Activity: Your response is a verbatim copy of the listing, stripped of its images.

Supplied data:
+++

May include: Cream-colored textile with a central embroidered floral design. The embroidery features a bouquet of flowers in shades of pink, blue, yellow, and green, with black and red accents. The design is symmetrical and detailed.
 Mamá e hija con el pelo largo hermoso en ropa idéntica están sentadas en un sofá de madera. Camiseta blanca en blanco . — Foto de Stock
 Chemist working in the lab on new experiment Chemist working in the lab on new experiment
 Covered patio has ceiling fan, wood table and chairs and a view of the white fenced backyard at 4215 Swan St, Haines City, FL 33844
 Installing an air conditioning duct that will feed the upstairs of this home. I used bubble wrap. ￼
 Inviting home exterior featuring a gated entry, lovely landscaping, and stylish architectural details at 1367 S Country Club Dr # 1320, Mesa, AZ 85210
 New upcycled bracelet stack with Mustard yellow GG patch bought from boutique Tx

+++

Result:
May include: Cream-colored textile with a central embroidered floral design. The embroidery features a bouquet of flowers in shades of pink, blue, yellow, and green, with black and red accents. The design is symmetrical and detailed.
 Mamá e hija con el pelo largo hermoso en ropa idéntica están sentadas en un sofá de madera. Camiseta blanca en blanco . — Foto de Stock
 Chemist working in the lab on new experiment Chemist working in the lab on new experiment
 Covered patio has ceiling fan, wood table and chairs and a view of the white fenced backyard at 4215 Swan St, Haines City, FL 33844
 Installing an air conditioning duct that will feed the upstairs of this home. I used bubble wrap. 
 Inviting home exterior featuring a gated entry, lovely landscaping, and stylish architectural details at 1367 S Country Club Dr # 1320, Mesa, AZ 85210
 New upcycled bracelet stack with Mustard yellow GG patch bought from boutique Tx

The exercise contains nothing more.